Aktivist Alaa Abd el-Fattah: Nach 12 Jahren Knast endlich frei
Der ägyptische Präsident al-Sisi hat am Dienstag einen Menschenrechtsaktivisten frei gelassen – und eine weitere überraschende Entscheidung getroffen.

Ihn freizubekommen, war nicht einfach. Es brauchte anhaltenden lokalen und internationalen Druck sowie einen Hungerstreik seiner Mutter, der Mathematikprofessorin Laila Soueif. Dieser hätte sie fast das Leben gekostet. Da der Aktivist auch britischer Staatsbürger ist, schaltete sich Großbritannien wiederholt ein.
Auch Abdel el-Fattahs Ex-Frau und der Sohn der beiden leben in Großbritannien. Laut der Familie wurde der Aktivist mit einem Reiseverbot belegt. Die britische Außenministerin Yvette Cooper dankte nun dem ägyptischen Präsidenten al-Sisi für die Begnadigung. Durchgesickerte Informationen deuten darauf hin, dass er sich persönlich gegen die Freilassung gewehrt hatte, da er Abd el-Fattah als „gefährlichen Revolutionär“ betrachtete.
Alaa – Freunde nennen ihn auch den „rosa Drachen“ – stammt aus einer prominenten linken Familie: Sein Vater, Ahmed Seif el-Islam, war renommierter Menschenrechtsanwalt.

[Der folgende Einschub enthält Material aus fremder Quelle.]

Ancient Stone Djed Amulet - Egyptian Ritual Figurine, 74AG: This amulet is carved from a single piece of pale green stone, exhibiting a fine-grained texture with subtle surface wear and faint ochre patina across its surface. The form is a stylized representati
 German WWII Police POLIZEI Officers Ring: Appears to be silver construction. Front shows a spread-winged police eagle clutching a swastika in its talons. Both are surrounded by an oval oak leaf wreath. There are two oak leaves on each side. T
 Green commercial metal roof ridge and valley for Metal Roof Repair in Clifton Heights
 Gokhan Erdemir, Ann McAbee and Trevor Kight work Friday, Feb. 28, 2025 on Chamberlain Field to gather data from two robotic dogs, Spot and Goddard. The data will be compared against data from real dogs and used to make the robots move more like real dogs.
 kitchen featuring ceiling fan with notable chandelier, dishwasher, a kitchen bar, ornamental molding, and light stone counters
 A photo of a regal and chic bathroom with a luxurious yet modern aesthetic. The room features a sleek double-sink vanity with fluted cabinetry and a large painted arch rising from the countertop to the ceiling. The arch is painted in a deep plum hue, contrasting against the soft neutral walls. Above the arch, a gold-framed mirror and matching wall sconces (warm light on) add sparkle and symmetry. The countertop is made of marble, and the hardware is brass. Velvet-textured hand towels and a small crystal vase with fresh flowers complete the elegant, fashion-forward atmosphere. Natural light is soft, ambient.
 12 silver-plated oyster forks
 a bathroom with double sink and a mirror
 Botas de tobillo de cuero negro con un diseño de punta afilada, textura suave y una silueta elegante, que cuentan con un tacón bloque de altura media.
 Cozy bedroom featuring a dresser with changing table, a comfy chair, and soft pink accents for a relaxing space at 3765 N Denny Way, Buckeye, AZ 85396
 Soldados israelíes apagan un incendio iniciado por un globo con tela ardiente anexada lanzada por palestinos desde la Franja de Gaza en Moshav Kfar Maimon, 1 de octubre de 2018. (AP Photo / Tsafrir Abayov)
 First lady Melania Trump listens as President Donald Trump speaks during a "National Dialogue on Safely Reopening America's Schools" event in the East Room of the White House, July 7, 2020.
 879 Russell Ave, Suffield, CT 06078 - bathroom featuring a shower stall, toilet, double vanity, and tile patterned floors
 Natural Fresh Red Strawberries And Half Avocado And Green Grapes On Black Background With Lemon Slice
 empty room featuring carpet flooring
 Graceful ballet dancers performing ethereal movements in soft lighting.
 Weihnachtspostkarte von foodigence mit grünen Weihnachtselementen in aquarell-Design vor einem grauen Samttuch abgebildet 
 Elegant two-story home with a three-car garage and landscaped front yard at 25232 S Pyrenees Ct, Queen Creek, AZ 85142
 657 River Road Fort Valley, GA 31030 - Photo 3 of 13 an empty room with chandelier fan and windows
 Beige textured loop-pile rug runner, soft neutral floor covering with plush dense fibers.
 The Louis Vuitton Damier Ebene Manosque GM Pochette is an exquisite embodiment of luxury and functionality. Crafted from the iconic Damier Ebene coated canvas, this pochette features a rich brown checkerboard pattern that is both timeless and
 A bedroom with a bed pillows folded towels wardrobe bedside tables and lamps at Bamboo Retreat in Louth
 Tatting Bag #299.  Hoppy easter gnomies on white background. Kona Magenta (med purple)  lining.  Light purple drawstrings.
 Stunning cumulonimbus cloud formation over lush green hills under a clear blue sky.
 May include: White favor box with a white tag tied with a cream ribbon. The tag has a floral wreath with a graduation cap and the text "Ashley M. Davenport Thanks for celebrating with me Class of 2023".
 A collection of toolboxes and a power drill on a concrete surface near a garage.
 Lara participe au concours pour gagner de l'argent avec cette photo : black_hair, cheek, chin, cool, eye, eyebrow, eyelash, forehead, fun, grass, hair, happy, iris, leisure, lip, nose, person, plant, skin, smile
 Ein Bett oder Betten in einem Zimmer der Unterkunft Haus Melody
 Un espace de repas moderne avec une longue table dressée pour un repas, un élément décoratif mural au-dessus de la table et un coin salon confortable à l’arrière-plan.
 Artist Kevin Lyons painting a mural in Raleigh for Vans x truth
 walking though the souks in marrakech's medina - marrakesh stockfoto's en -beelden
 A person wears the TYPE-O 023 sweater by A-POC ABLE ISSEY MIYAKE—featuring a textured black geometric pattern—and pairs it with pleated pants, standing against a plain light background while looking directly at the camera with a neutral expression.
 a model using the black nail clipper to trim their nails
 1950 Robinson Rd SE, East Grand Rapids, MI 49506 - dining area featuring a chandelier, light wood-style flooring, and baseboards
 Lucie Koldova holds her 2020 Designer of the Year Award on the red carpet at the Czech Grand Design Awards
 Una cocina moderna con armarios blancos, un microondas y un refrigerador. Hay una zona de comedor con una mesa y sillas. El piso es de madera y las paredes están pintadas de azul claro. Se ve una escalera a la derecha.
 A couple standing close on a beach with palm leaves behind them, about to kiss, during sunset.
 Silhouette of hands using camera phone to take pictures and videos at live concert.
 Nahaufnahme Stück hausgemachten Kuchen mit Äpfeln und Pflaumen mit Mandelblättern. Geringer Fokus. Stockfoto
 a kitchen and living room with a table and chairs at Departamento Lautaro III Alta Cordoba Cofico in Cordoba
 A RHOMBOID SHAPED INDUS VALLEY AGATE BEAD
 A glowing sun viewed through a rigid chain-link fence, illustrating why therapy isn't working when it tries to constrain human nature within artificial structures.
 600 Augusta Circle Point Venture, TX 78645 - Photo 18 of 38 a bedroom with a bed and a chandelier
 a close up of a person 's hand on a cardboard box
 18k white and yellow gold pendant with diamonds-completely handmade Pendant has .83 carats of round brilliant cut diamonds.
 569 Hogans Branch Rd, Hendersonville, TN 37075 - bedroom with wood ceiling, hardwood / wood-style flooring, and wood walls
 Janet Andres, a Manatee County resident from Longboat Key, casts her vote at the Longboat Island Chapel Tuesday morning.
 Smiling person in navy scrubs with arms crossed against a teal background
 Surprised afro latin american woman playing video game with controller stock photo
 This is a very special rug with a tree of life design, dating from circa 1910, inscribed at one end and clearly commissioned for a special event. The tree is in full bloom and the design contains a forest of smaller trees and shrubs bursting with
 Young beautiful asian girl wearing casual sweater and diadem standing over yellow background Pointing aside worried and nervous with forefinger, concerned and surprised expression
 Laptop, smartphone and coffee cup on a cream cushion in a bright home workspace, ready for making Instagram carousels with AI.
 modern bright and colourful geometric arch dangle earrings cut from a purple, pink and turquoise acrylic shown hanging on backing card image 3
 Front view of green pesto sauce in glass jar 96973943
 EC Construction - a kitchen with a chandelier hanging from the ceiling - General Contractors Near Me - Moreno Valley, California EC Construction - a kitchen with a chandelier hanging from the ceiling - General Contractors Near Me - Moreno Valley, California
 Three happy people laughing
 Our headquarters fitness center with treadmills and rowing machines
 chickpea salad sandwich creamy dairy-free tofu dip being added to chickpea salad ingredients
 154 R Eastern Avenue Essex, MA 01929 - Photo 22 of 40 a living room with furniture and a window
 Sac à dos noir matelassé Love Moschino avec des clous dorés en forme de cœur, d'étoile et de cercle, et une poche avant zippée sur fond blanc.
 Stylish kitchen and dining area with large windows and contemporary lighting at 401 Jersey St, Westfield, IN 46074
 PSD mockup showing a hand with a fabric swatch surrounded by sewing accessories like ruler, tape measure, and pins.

Seine Mutter verteidigt lautstark die Unabhängigkeit der Universitäten in Ägypten.
Bereits Anfang der 2000er Jahre war Alaa Abd el-Fattah als einer der führenden Blogger des Lands in Erscheinung getreten und hatte Proteste gegen das Regime von Husni Mubarak und gegen Polizeigewalt organisiert. Zur Strafe wurde er 45 Tage inhaftiert.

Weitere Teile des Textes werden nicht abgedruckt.